The Drive Skill allows your character to operate a vehicle under difficult or dangerous conditions. Characters don’t need this Skill simply to drive a car. It’s safe to assume in a modern society that most individuals are familiar with automobiles and the rules of the road. Rather, this trait covers the training or experience necessary to operate at high speeds, to tackle hazardous road conditions, and to push a vehicle to the limits of its performance. Drive is the difference between a typical suburban parent with a minivan and a police officer, car thief or race car driver. The Skill also applies to piloting and controlling boats; your character’s Drive dots are applied equally to handling boats. In order for your character to be able to pilot a plane, he needs a Pilot Specialty in the Skill. With that, efforts to control a plane call for a Drive-based roll, plus one die for your character’s Pilot Specialty. A character with the Drive Skill who does not possess a Pilot Specialty cannot effectively operate a plane. His efforts to fly are based on Attribute alone, at a -1 untrained penalty.

Possessed by: Note that dots in Drive do not apply to manually fixing or building vehicles, only to operating them. Construction and repair is the province of the Crafts Skill.

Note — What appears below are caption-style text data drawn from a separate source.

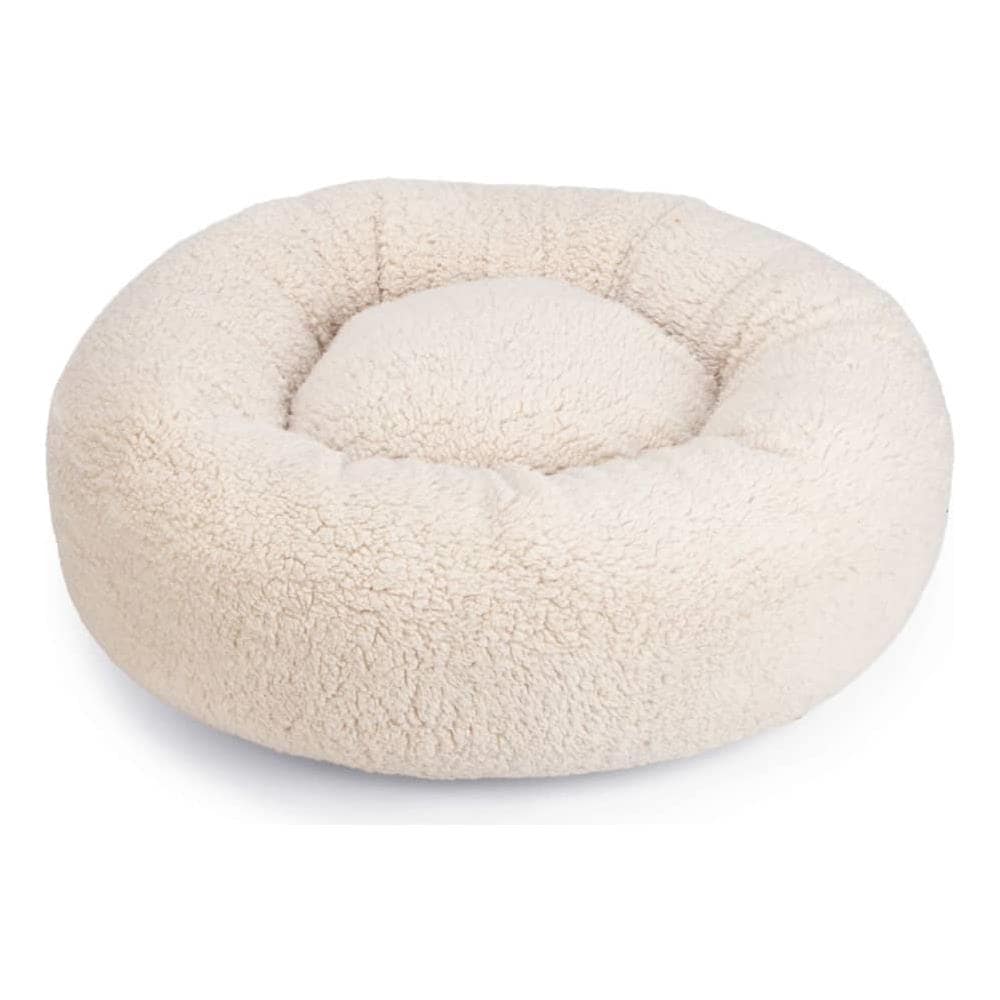 Cuccia Per Cani In Schiuma Viscoelastica Jaxx 50x20cm Beige - Foto 1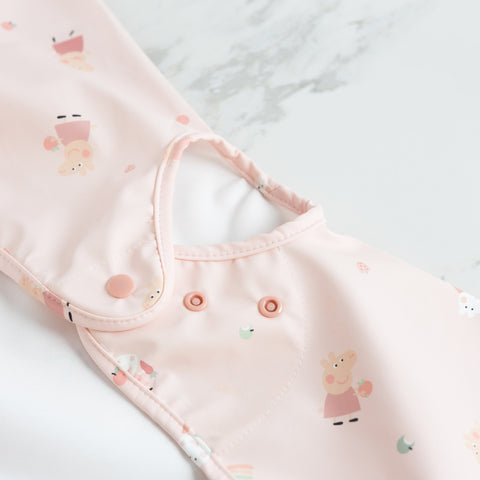 Bibado Coverall Weaning Bib Peppa Pig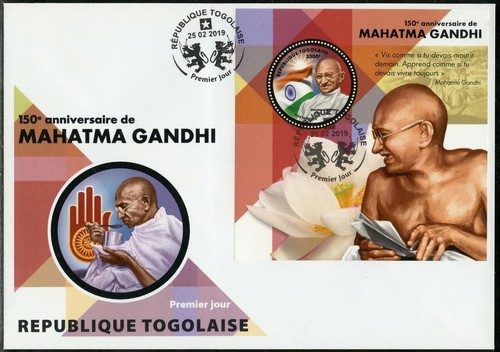 Togo 2019 150th - , naissance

Specialties: High-Performance Cars, Motorcycles, Off-Road, Pursuit, Shaking Tails, and Stunts.

Dramatic Failure: Your character loses control of the vehicle while attempting a maneuver. If traveling at high speed, a crash occurs, wrecking the vehicle and likely injuring its occupants. If the local terrain presents no convenient obstacles (your character drives on an open a highway or salt flat), the car flips and rolls for some distance until it comes to a stop. If traveling at low speed, the vehicle sideswipes a parked car or tree, or possibly slides off the road and becomes stuck at the Storyteller’s discretion.

Failure: Your character doesn’t complete his intended maneuver. The direction the vehicle travels (if it goes anywhere at all) is determined by the Storyteller rather than by your character.

Success: Your character completes his intended maneuver.

Exceptional Success: Not only does your character complete his intended maneuver, he gains much more ground than expected. Perhaps he swerves around a sharp corner, drops perfectly into a sudden gap in traffic and shoots down the road.